### Information supplied
____________

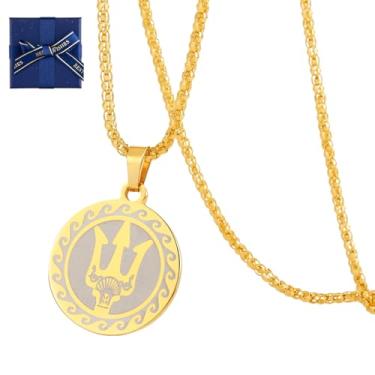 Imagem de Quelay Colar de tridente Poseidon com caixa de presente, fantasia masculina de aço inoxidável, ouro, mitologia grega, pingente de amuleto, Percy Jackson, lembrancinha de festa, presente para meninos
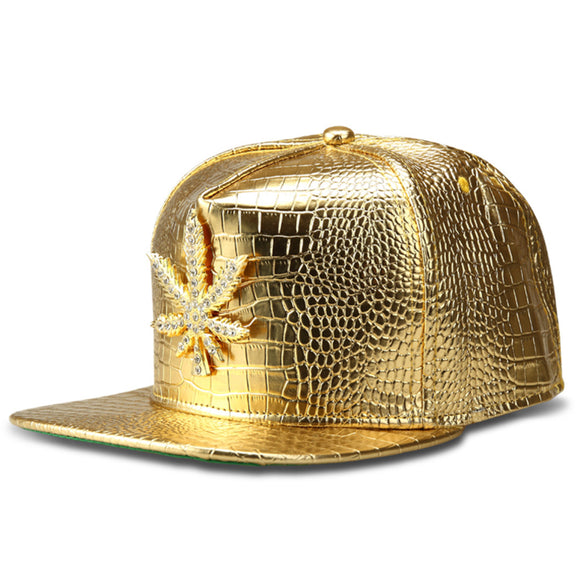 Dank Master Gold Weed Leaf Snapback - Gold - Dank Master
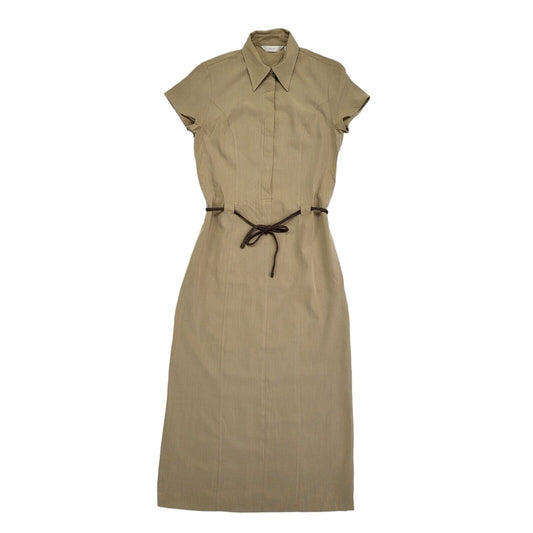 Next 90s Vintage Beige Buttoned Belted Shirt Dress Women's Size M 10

____________

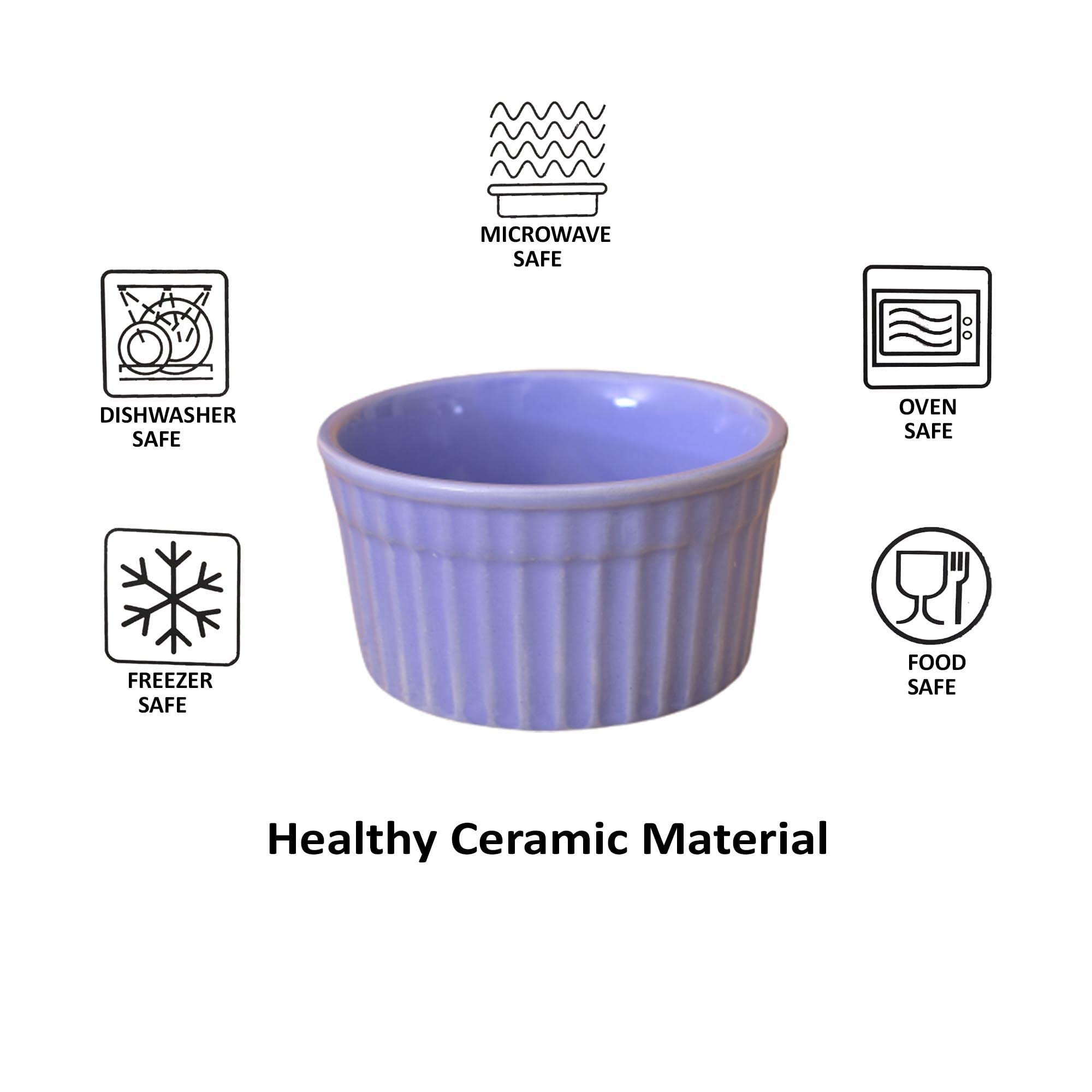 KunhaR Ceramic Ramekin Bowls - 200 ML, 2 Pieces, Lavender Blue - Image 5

____________

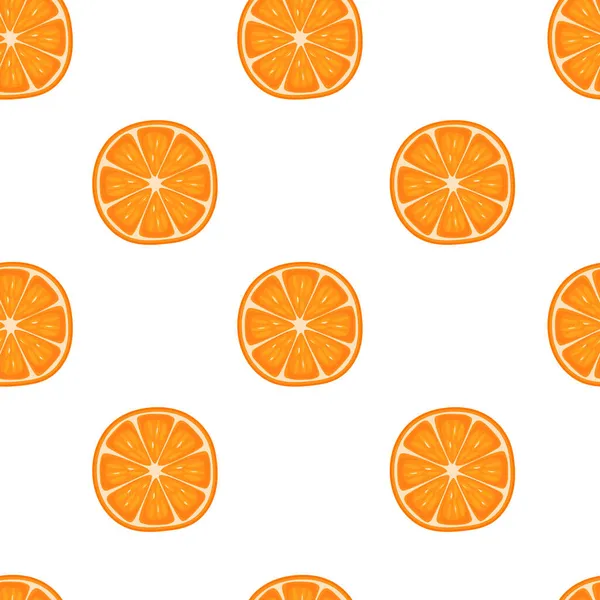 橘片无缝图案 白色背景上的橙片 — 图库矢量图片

____________

### Work to be completed
Your copy should hold the lines from the one with "Imagem de Quelay" up to and including the one with "Next 90s Vintage", exactly as in the data above, and no pictures.

### Answer to this task
 Imagem de Quelay Colar de tridente Poseidon com caixa de presente, fantasia masculina de aço inoxidável, ouro, mitologia grega, pingente de amuleto, Percy Jackson, lembrancinha de festa, presente para meninos
 Dank Master Gold Weed Leaf Snapback - Gold - Dank Master
 Next 90s Vintage Beige Buttoned Belted Shirt Dress Women's Size M 10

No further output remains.